Scan the records for lines with the string "Long". Say how many there are, and add nothing.

_Dataset records_.

= = =

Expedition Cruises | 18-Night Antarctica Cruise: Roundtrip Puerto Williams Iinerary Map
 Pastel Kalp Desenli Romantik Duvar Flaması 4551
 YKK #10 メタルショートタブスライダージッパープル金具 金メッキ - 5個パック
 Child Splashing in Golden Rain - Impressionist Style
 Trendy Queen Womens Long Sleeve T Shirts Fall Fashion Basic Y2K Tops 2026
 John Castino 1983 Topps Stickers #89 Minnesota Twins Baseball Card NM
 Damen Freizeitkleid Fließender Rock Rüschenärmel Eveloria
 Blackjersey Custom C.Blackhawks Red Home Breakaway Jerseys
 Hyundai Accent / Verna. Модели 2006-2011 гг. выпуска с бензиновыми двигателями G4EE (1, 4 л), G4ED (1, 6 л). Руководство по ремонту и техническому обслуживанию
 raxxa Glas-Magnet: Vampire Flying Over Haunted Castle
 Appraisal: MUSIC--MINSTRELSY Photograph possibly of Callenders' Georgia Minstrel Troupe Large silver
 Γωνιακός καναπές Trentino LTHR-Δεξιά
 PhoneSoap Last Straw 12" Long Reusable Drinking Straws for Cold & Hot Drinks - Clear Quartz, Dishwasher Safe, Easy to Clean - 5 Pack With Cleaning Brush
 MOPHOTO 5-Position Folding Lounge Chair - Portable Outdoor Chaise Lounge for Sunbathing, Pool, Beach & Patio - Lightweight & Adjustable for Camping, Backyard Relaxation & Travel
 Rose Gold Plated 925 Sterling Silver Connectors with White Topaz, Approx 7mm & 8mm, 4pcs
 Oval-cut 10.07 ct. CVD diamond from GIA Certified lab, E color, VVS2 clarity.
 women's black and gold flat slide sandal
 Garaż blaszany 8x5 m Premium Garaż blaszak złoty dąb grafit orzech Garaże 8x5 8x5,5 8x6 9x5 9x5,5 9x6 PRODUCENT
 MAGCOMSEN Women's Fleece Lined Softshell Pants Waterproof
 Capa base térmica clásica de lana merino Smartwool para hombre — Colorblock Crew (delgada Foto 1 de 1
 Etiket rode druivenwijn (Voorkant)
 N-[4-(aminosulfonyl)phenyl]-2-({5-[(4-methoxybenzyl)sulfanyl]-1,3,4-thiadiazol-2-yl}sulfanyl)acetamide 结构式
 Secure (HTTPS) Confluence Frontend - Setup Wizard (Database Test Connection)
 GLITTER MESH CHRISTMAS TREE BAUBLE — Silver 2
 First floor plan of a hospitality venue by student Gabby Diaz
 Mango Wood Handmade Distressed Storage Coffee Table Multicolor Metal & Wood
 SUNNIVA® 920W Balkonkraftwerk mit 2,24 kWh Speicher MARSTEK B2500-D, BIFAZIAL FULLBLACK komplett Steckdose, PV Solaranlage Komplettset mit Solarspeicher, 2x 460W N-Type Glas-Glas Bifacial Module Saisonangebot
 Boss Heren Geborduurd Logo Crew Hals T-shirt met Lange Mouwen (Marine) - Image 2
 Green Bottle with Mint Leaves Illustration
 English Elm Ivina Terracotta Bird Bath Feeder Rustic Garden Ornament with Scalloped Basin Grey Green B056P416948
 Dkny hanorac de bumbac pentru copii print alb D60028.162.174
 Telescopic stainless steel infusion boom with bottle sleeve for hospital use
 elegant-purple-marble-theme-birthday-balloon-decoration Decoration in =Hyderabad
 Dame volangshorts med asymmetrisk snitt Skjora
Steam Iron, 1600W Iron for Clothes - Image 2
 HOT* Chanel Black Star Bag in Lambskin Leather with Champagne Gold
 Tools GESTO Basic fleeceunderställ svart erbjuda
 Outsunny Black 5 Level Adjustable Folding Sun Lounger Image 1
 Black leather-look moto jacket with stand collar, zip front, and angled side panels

= = =

_Written response_. 2